Ay, ese quijotesco don Miguel de Unamuno, como le llamó Antonio Machado, tan orgulloso de sus contradicciones, que llevaba a gala el pelearse con todos: exiliado con Primo de Rivera, después apoyando el alzamiento del 18 de julio y represaliado por el Frente Popular, y más tarde enfrentado a voces contra Millán Astray, el fundador de La Legión. Fue cuando su famoso “venceréis pero no convenceréis” y sus vivas a la inteligencia respondiendo al terrible ¡viva la muerte! legionario. Seguramente lo que más le fastidiaba era el noviazgo que el héroe mutilado mantenía con “la parca”, porque Unamuno consideraba a la muerte cosa exclusivamente suya, aunque más como a una suegra que como una amante.
Había perdido la fe al llegar a Madrid, lo cual es muy razonable, y desde entonces vivió inquieto. A los treinta y tantos se despertaba angustiado por las noches, en una ansiedad que era sed de eternidad y pánico a lo finito. Cuenta que su mujer, en una de esas crisis, le abrazó cariñosa diciéndole “¿Pero qué te pasa, hijo mío?”, y aquel “hijo mío” se le quedó grabado, y desde entonces quiso volver a la fe de niño, en la que veía más verdad que en toda la escolástica. En realidad es muy evangélico, eso de que hay que hacerse niños, pero no es fácil. Un alumno suyo, en el claustro de la universidad de Salamanca le vio inclinado sobre una columna, mientras murmuraba: Dios, Dios, Dios... Luego se detuvo, y dándose golpes contra la piedra rectificó: “No, Dios no. Yo, yo, yo.”

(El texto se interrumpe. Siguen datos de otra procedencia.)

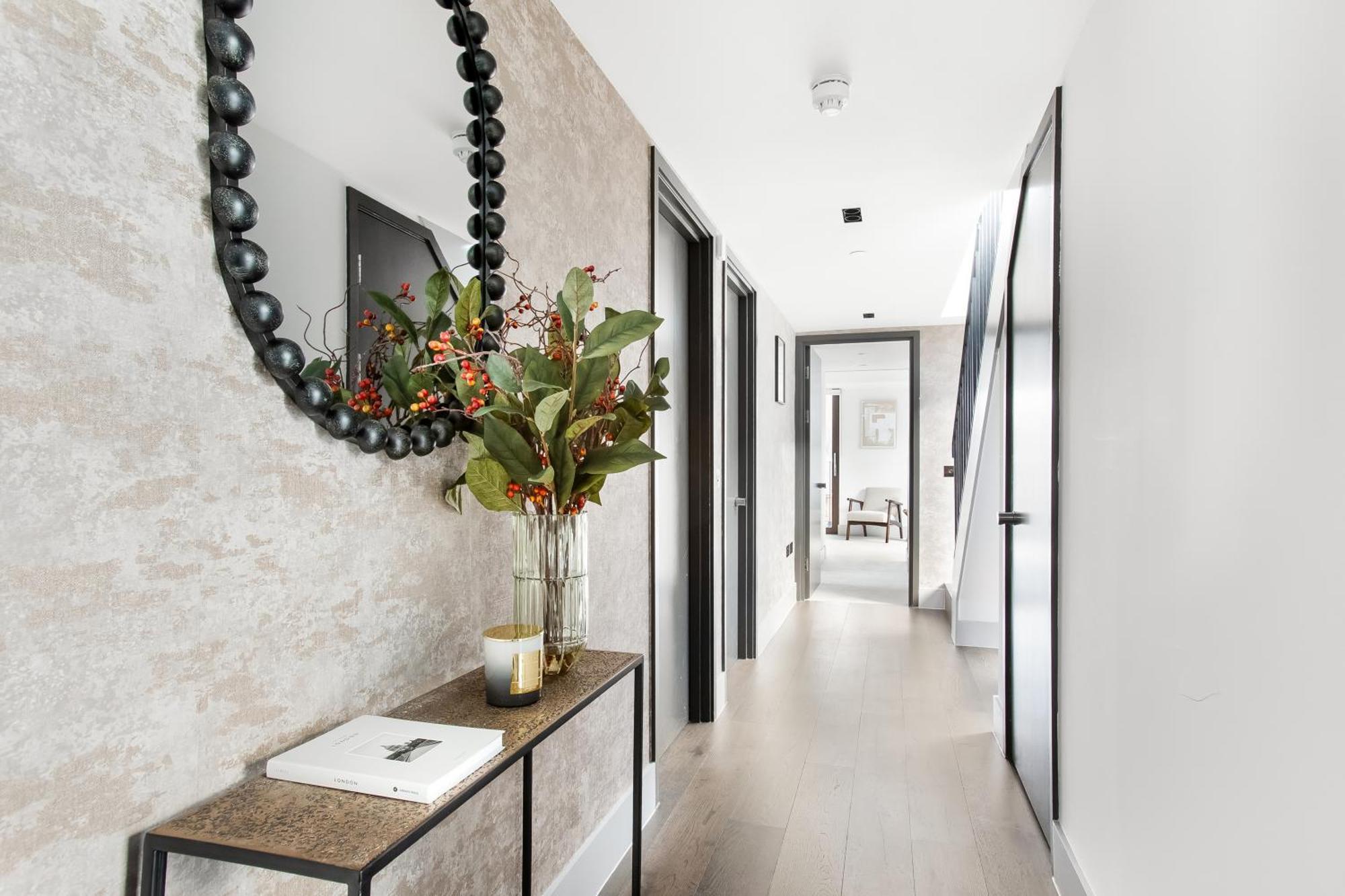 Stunning 3 Bedroom Penthouse Private Terrace Ac Apartment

Pasó por la política llamando mentecatos a los nacionalistas vascos y catalanes, y definiendo como “chifladuras” sus doctrinas, por eso, aunque es el intelectual vizcaíno más grande de todos los tiempos, los fanáticos no pueden incorporarlo a su hecho diferencial. Al revés, el españolismo de Unamuno era casi febril. Abandonó rápido su etapa en la que pretendía europeizar nuestro país para sustituirla con el famoso “que inventen ellos”, y amó a Castilla hasta el extremo, como sólo saben hacerlo las almas grandes. Cuando apetece renegar de todo -siempre sobran los motivos- es conveniente releer su vida de Quijote y Sancho: “Pues sí, soy español. Español de nacimiento, de educación, de cuerpo, de espíritu y hasta de profesión y oficio; español sobre todo y ante todo, y el españolismo es mi religión, y el cielo en el que quiero creer es una España celestial y eterna, y mi Dios un Dios español, el de nuestro señor Don Quijote, un Dios que piensa en español y en español dijo: ¡Sea la luz,! y su verbo fue verbo español.
Conviene, sí, regresar al vizcaíno ahora que renace una visión agónica de lo nuestro. Feliz Unamuno, a pesar de todo, que creyó que Dios no podía olvidarse de España
Nació en Bilbao, en 1864. Fue escritor, poeta, filósofo, y el exponente más culto de la edad de plata de las letras españolas. Se casó con Concepción Lizarraga, su amor de juventud y su única certeza cuando el racionalismo le llevaba de la ansiedad a la agonía. Criticó a la Dictadura, a la Monarquía y a la República. “No soy bolchevique ni fascista, sólo un solitario”. Lo era desde que enviudó. Murió en 1936.